Antes de que llegasen al país los garbanzos zamoranos, antes de que llegaran las patatas, el peso del cocido debían de llevarlo las castañas y nabos tiernos. He oído contar que en algunas partes acompañaban al tocino unas rebanadas de calabazo cocido.
Comer un cocido exige una cierta calma, y un saber de la repartición de las sustancias en el plato. Ahora se acostumbra a servir con el cocido una buena ensalada de lechuga, o salsa de tomate, o pimientos morrones asados. Yo entiendo que mientras se come la verdura, los grelos y el repollo, acompañando a la carne de puerco, todavía no es ocasión de la lechuga, de la salsa de tomate o de los pimientos.
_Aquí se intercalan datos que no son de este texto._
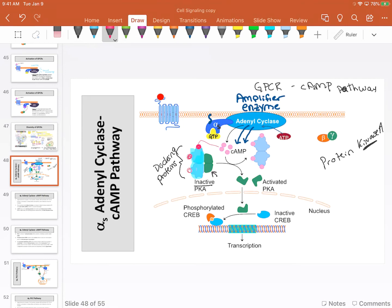When cyclic AMP molecules bind to these docking proteins, they change the shape of the docking proteins. By changing that shape, they change the affinity of the docking proteins for PKA. As a consequence, PKA is released and allowed to run free, floating around in the cytosol, phosphorylating whatever happens to fit in its binding site.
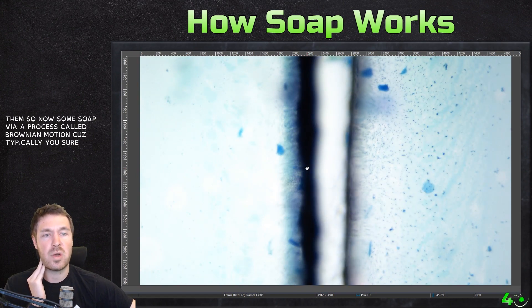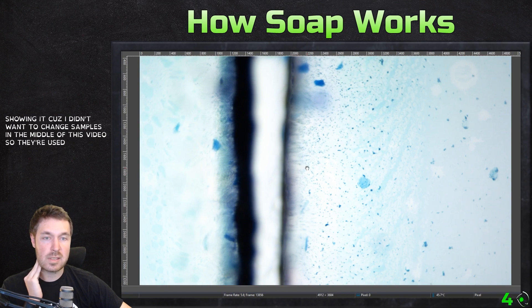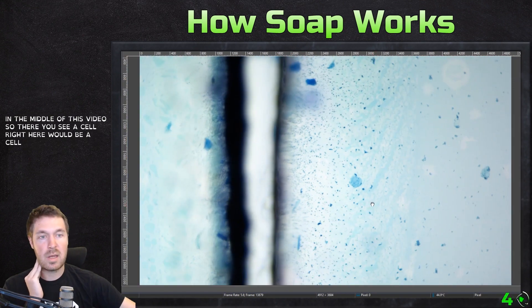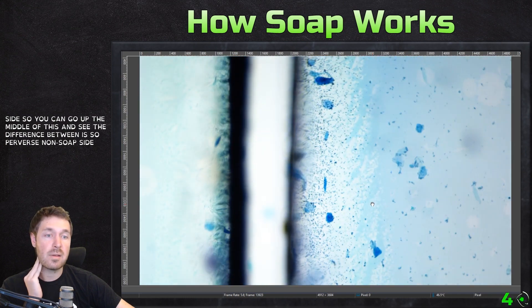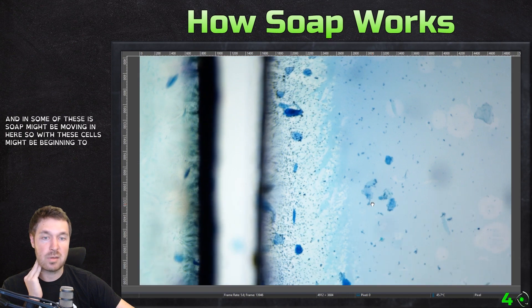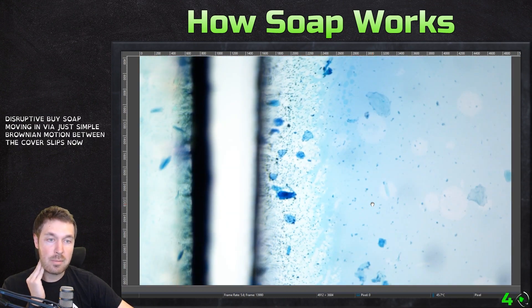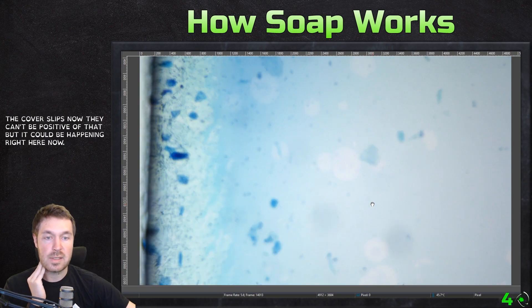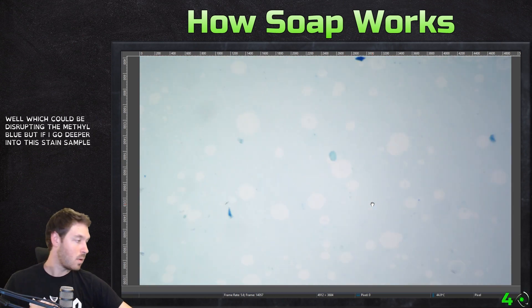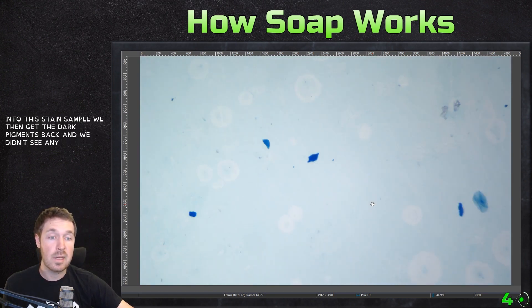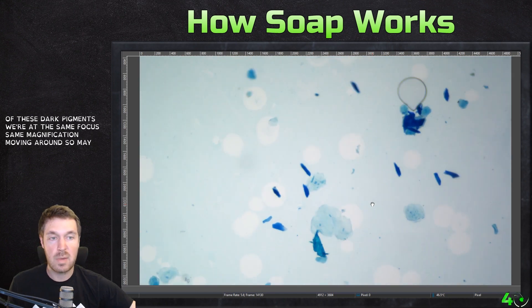And now if we go back right here, we're seeing the interface between the two. So this is the cover slip that separates them. Now some soap, via a process called Brownian motion, is moving between the cover slips — because typically you shouldn't put cover slips this close together on the same slide, but I'm just showing it because I didn't want to change samples in the middle of this video. So there you see a cell — right here would be a cell. Then over here, that's the non-soap side, and over here is the soap side. You can go up the middle of this and see the difference between the soap versus non-soap side. In some of these, the soap might be moving in, so these cells might be beginning to be disrupted by soap moving in via Brownian motion between the cover slips.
Así, lo mejor es ir comiendo la carne de puerco con la verdura que coció en ella, y cuando se llega a la segunda parte (gallina, carne fresca, garbanzos), será el momento de la ensalada, o de la salsa de tomate, o de los pimientos morrones. Prefiero la ensalada a los pimientos morrones, y éstos a la salsa de tomate. O mejor dicho, rechazo la salsa de tomate. Es nuevo y no es nuestro este sabor quitasabores.
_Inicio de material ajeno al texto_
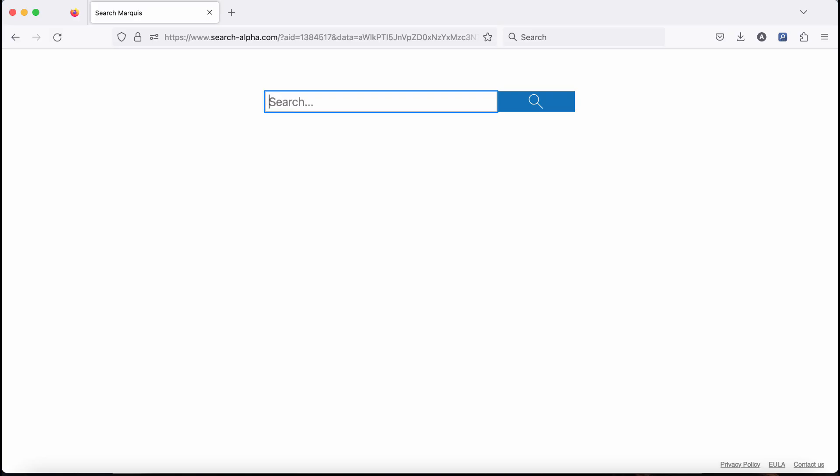My video guide will provide you with instructions that will help you to remove the browser redirection or browser redirect virus called search location dot com.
Me he dolido muchas veces de la pérdida que tuvo la cocina gallega con la desaparición de las castañas, en parte por tantos castaños como murieron de la enfermedad que llaman de la tinta, en parte porque se fueron imponiendo las patatas, tantas veces insípidas. Pero el que no llevó a la boca una tajada de tocino enfrebado, con hebras de una castaña, tocino bien cocido que se deja aplastar con el tenedor, con la castaña, ése tal perdió uno de los sabores más cabales de la cocina nuestra antigua.
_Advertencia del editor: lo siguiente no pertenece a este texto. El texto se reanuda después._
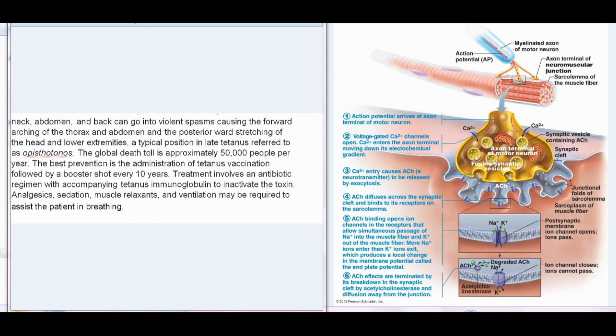The best prevention is the administration of tetanus vaccination followed by a booster shot every 10 years. Treatment involves an antibiotic regimen with accompanying tetanus immunoglobulin to inactivate the toxin. Analgesics, sedation, muscle relaxants, and ventilation may be required to assist the patient in breathing.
El cocido tiene que estar bien escurrido, y ha de servirse muy caliente. El cocido pide un tinto del país, el más sereno y graduado que se pueda. Pueden ser vinos chantadinos, de los riberos del Miño, de Asma o de San Fiz, o vinos de Ribadumia, que son, con los de Rubiós, del condado de Salvatierra, los mejores vinos rojos gallegos. Hace años, estaba yo en el jurado del concurso de los vinos del condado susodicho, en la torre que está al borde del Miño frente a los prados y viñedos de los lusitanos, de la ribera de Monzón, de donde son algunos de los más ilustres blancos de Occidente, albariños, vinos verdes, con un perfume de fondo, que va y viene desde la alegría a la saudade; en aquella torre, en la que fue sala de armas, y que tiene una escalera doble de caracol, quizá para que suban y bajen sin encontrarse los fantasmas de doña Urraca, reina de Castilla, y del bastardo Pedro Álvarez de Soutomaior, digo que estábamos catando y había que puntuar los vinos de 0 a 5, y a mi lado estaba otro catador, que en una ojeada que eché a su papel vi que escribía en vez de poner números. Le pregunté qué le ponía a aquel vino que estábamos catando y me mostró la hoja: «Bueno para un cocido», había escrito. Sí, era un tinto de Rubiós, maduro, grave, harto, campechano. Sí, un tinto para un cocido. Aquel catador era, además, un gourmet.
Pese a todos los avances culinarios, y a las mutaciones de los tiempos, un cocido es el plato de honra del gallego en las grandes fiestas de los santos patronos, y en las familiares. Cocidos de cura, cocidos de boda.»